I could not help but think of the ol' chess coach, the Legendary Georgia Ironman, when watching this video: http://chessforallages.blogspot.com/2011/10/snls-profiles-in-sports.html
I wrote to Mulfish, "That's 3 Seniors (Tim and his sidekick David Vest and Mr G.)who woulda played at another time. There's a huge difference between 14 & 17!
It actually makes me quite sad, Mike. I cannot recall exactly what the turnout was last year, or the previous years, but it seems that the numbers have dwindled. This is a bad thing for Senior chess! If players do not come, they will stop having tournaments, which is, I expect, what most pooh-bahs want. Rather than take the time to ascertain why the players are not coming, I'm afraid they will concentrate on where the money is-with the kids...
Organizers continue to do goofy things-like the 'drop-ins' at Harry's Tn Senior, for example.
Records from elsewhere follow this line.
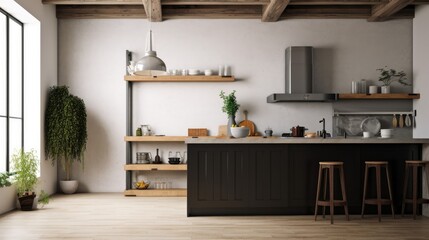 Industrial Interior Design Background. Contemporary Poster Mockup. Generative AI.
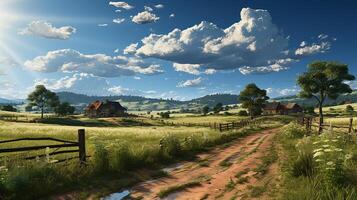 farm in sub urban at afternoon, ultra realistic, smooth lighting made by photo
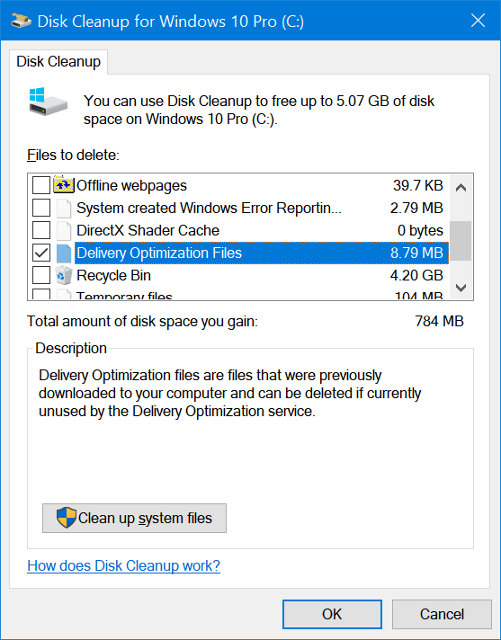 Xóa tệp Delivery Optimization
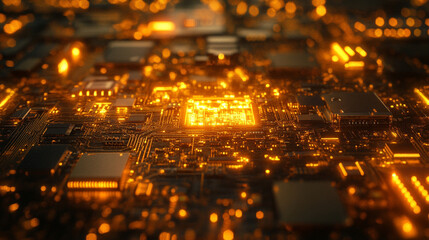 Endless travel through a glowing circuitboard environment, symbolizing digital networks, futuristic technology, virtual pathways, innovation, and immersive high-tech concepts in a continuous looping d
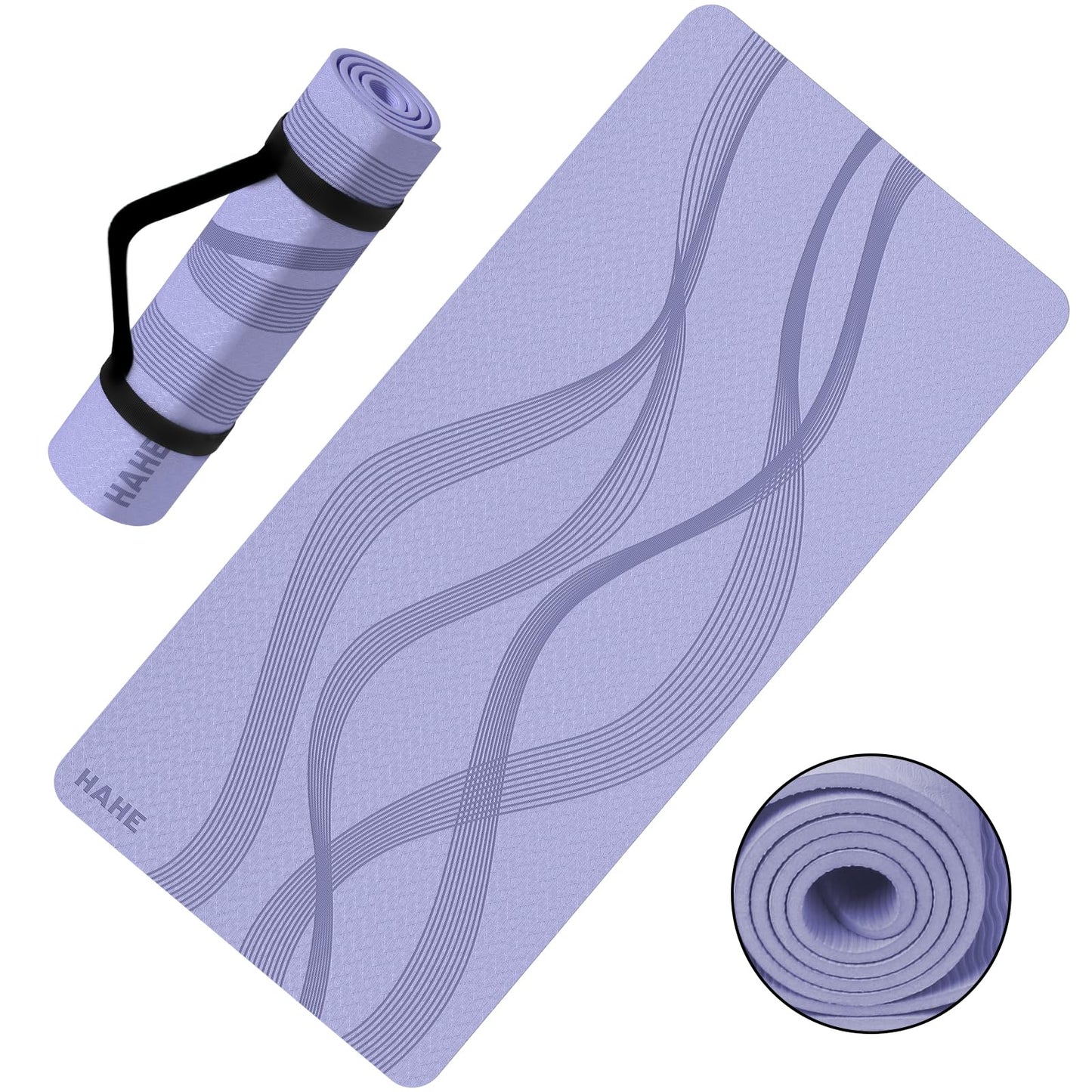 Yoga Mat High Density Exercise Mat, 76"x32"x0.27"Thick Wide & Large Yoga Mat for Women Men, Professional POE Workout Mat for Yoga, Pilates, Fitness & Stretching (Lavender Purple)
Mostly they just continue to do the same things that have proven to not work. Is that not a sign of insanity?!
This tournament does point out what I've written about in that, like Klaus said, "A Senior tournament should be an open tournament, because at our age anyone can beat anyone!" Better to have one 14 player tournament than one 5 & one 9 player tournaments. That has been proven conclusively at the House of Pain!"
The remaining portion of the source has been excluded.